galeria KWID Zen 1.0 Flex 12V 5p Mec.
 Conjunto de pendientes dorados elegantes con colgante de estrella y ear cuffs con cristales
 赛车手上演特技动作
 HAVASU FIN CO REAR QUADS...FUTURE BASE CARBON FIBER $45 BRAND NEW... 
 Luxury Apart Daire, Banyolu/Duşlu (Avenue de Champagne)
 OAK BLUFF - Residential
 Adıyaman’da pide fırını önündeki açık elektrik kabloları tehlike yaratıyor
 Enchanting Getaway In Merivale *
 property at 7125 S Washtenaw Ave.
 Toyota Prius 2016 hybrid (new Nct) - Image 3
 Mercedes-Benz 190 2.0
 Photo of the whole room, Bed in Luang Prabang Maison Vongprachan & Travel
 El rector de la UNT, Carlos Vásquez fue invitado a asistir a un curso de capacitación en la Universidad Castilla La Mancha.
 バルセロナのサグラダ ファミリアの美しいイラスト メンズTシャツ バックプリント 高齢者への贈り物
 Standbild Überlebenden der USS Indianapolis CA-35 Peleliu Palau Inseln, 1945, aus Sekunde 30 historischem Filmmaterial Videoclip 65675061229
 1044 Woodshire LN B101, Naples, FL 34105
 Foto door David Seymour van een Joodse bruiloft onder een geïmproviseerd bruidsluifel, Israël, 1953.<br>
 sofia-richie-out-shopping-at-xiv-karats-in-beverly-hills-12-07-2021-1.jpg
* * * * *
→ **Task item**:
Print the records again in full, exactly as they appear above.

→ **Answer to the problem**:
galeria KWID Zen 1.0 Flex 12V 5p Mec.
 Conjunto de pendientes dorados elegantes con colgante de estrella y ear cuffs con cristales
 赛车手上演特技动作
 HAVASU FIN CO REAR QUADS...FUTURE BASE CARBON FIBER $45 BRAND NEW... 
 Luxury Apart Daire, Banyolu/Duşlu (Avenue de Champagne)
 OAK BLUFF - Residential
 Adıyaman’da pide fırını önündeki açık elektrik kabloları tehlike yaratıyor
 Enchanting Getaway In Merivale *
 property at 7125 S Washtenaw Ave.
 Toyota Prius 2016 hybrid (new Nct) - Image 3
 Mercedes-Benz 190 2.0
 Photo of the whole room, Bed in Luang Prabang Maison Vongprachan & Travel
 El rector de la UNT, Carlos Vásquez fue invitado a asistir a un curso de capacitación en la Universidad Castilla La Mancha.
 バルセロナのサグラダ ファミリアの美しいイラスト メンズTシャツ バックプリント 高齢者への贈り物
 Standbild Überlebenden der USS Indianapolis CA-35 Peleliu Palau Inseln, 1945, aus Sekunde 30 historischem Filmmaterial Videoclip 65675061229
 1044 Woodshire LN B101, Naples, FL 34105
 Foto door David Seymour van een Joodse bruiloft onder een geïmproviseerd bruidsluifel, Israël, 1953.<br>
 sofia-richie-out-shopping-at-xiv-karats-in-beverly-hills-12-07-2021-1.jpg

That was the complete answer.